Raporumuzda evvel çıkan birtakım tahlil tekliflerini sizlerle paylaşmak istiyorum.

– Türkiye’nin nüfus durumu ve hizmet potansiyeli dikkate alınarak sıhhatte insan gücü istihdamı artırılmalıdır.

– Sıhhat işçilerinin motivasyonlarının ve iş doyumlarının arttırılması ve istifa sayılarının azaltılması ismine ekonomik özlük hakları ve toplumsal hakları özel bölüm ile rekabet edecek biçimde güçlendirilmelidir. Çalışanların artan iş yüklerinin azaltılması maksadıyla mevcut işleyiş kapsamlı bir biçimde ele alınarak gerekli müdahaleler yapılmalıdır

– Tabip işgücünden verimli biçimde istifade edilebilmesi için makul ve kabul edilebilir fiyat seviyesinin sağlanmasına ait gerekli düzenlemeler hemen yapılmalıdır.

– Sabit ek ödemeler 2,5 kat arttırılmalı, merkezi bütçeden ödenerek hastane bütçesinden ödemeye son verilmelidir.

– Hala Sıhhat Bakanlığı sıhhat tesislerinde uygulanan performans sisteminin rehabilite edilmesi ve bir daha düzenlenmesi gerekmektedir.

– Tabiplerin ve de başka sıhhat çalışanlarının maruz kaldığı mobbing olgusunun azaltılması için gerekli tahliller üretilmelidir. SABİM ve CİMER‟e ilişkin şikayetlerin Mobbing maksatlı kullanılmasının önüne geçecek önlemler alınmalı, yapılan şikayetler ön elemeden geçirilmeden ya da doğruluğu katılaşmadan direkt sıhhat çalışanlarına soruşturma açılarak sürece alınmamalıdır.

– Malpraktis davalarının getirdiği tazminat ödemelerine karşı tüm sıhhat çalışanları tam müdafaa altına alınmalıdır.

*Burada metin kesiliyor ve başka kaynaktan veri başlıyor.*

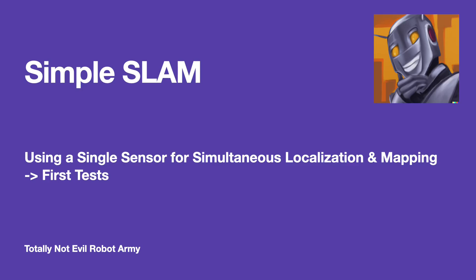Hello, welcome to the Totally Not Evil Robot Army. Today we're exploring simple SLAM solutions.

– Kamuda çalışan doktorların mesai saatlerindeki hizmetlerinde etkililiği sağlamak kaydıyla, mesai dışı çalışmaları ile ilgili kısıtlamaların azaltılması yahut kaldırılması düşünülmelidir.

– Sıhhat hizmetine müracaattaki aşırılıklar denetim altına alınmalı ve doktor hemşire üzere sıhhat çalışanlarından insanüstü bir performans beklemek yerine verimliliğin temel alındığı çalışma standartları belirlenmelidir.

– İstihdam sorununun önüne geçebilmek ismine tıp fakültelerinin kontenjanları arttırılmalıdır.

– Hemşire ve ebe eksikliğini gidermek ismine bu alanda daha epeyce istihdam sağlanmalıdır.

– Tıbbi sekreterden uzman tabibe kadar bütün sıhhat meslek profesyonellerinin istikrarlı bir biçimde istihdamı sağlanmalı, gelişmiş ülkelerdeki sayılarla kıyaslanarak kısa, orta ve uzun vadeli bir istihdam siyaseti geliştirilmelidir.

– Bahse ait yasal düzenlemeler gözden geçirilerek şiddet uygulayanlara daha faal ve caydırıcı cezalar verilmelidir.

– Şiddet olaylarının sıhhat kurumlarında izlenmesi, kıymetlendirilmesi, olaya has tahlil teklifleri getirilmesine yönelik olarak meslek profesyonelleri istihdamı (sosyolog, toplumsal çalışmacı, psikolog vb.) sağlanmalı ve bu nitelikte meslek profesyonelleri idaresinde Daire Başkanlığı seviyesinde idari bir yapı oluşturulmalıdır.

Sıhhat sistemimizi yarınlara taşıyacak bu ve emsal tahlil tekliflerimizin bir an evvel hayata geçirilmesi dileğindeyiz.

Kuruluş gayemiz de uğraşımız de sıhhat işçilerinin problemlerini ortadan kaldırıp, mali ve özlük haklarının uygunlaştırılması içindir.

Çabamızı sonuna kadar sürdürmekte kararlıyız.

Bu his ve niyetlerle, tüm sıhhat işçilerinin 14 Mart Tıp Bayramı’nı tebrik ediyorum. Bayramlarını bayram üzere kutlamak isteyen sıhhat çalışanlarının, 14 Mart günü alacakları haberlerle yüzlerinin gülmesini temenni ediyoruz.”